Il s'en empare tel un démiurge agitant à distance les stéréotypes comme des marionnettes complaisantes d'un jeu de société qui permet de pousser leurs cohérences jusqu'aux stades ultimes en déclenchant l'hilarité générale.
Mais Michel Fau n'a pas l'intention de se moquer ; il respecte la sincérité de cette grande bourgeoisie convaincue dans son échelle des valeurs, de la vertu inhérente aux principes de la morale, même si en pratique, elle est tentée de ne pas en appliquer les contraintes.

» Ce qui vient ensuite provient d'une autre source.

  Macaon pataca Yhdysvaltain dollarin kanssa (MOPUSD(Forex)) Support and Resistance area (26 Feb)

En tout cas, l'ancienne génération en rappellera l'esprit sans cesse à sa progéniture qui, elle, aura tendance à chercher ouvertement des arrangements propices pour composer l'attitude favorable à son intérêt immédiat.
Jeux de rôles parfaitement huilés par l'auteur qui aura le talent de jongler avec de multiples rebondissements domestiques pour parfaire sa démonstration de déstabilisation collective suscitée par les signes avant-coureurs de l'enfantement imprévu, voire même de 4 coup sur coup.

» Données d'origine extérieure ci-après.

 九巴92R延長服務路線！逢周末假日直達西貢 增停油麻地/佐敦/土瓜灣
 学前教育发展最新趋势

De l'épouse à la gouvernante en passant par le fils et la fille de bonne famille, tous se sont donné le mot pour entraver la très honorable progression de carrière sénatoriale du pater familias.

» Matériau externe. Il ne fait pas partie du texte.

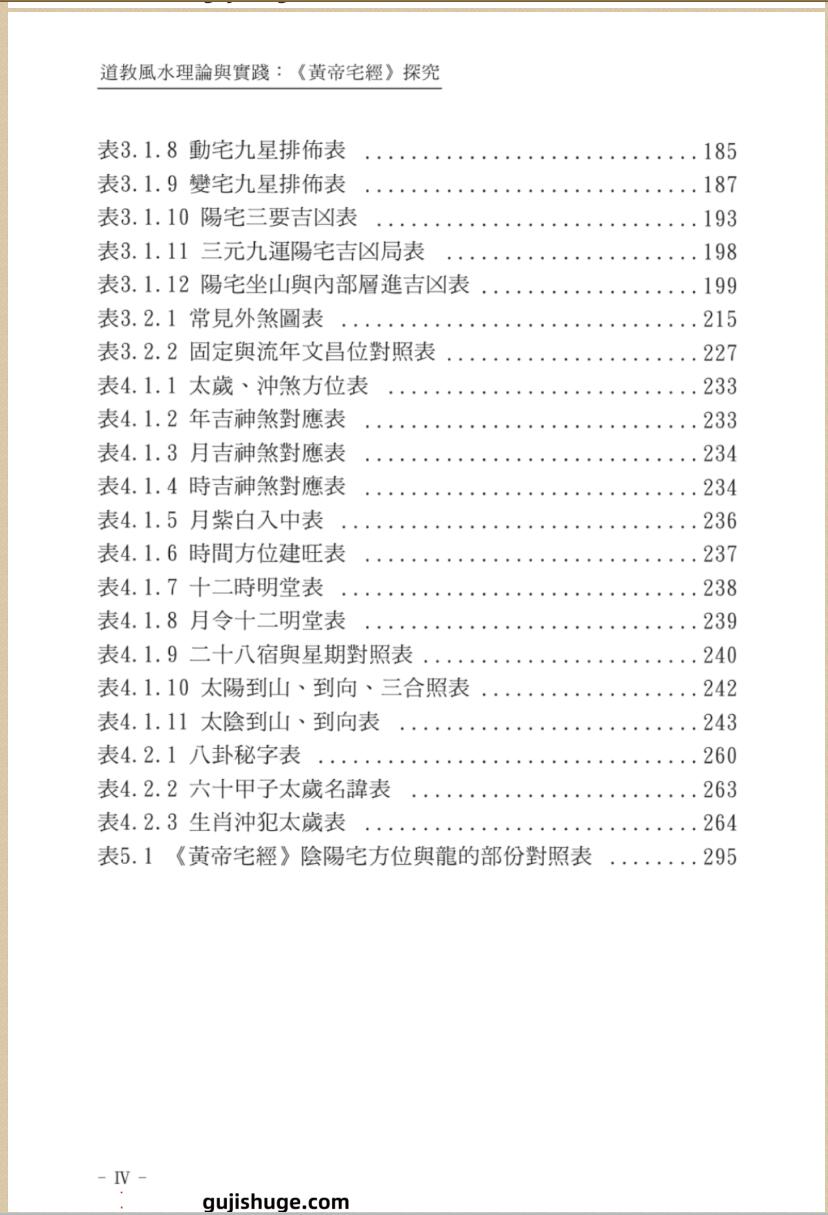 谢耀德《风水理论与实践》插图4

Si le "Qu'en-dira-t-on" est en l'occurrence tellement important, c'est que ce haut représentant du peuple vient précisément de faire voter à la fois la pénalisation de l'avortement et la fermeture des maisons closes.
Cependant l'œil amusé de Michel Frau en dit long sur l'interprétation décalée qu'il souhaite projeter dans l'imaginaire du public.
Avec sa comparse Catherine Frot, ils composent un fabuleux tandem à deux têtes, l'une, la sienne, prête en permanence à trouver matière à se réjouir, l'autre toujours prédisposée au drame à venir ; cette complémentarité ludique accompagne comme dans un leitmotiv magique les tribulations des mises enceintes successives annoncées à la manière de catastrophes naturelles pouvant modifier la rotation de la planète.
Par chance, il n'en sera rien et les naissances annoncées devraient reprendre leur statut d'heureux événements puisque à l'époque la planification contraceptive n'était effectivement pas encore d'actualité.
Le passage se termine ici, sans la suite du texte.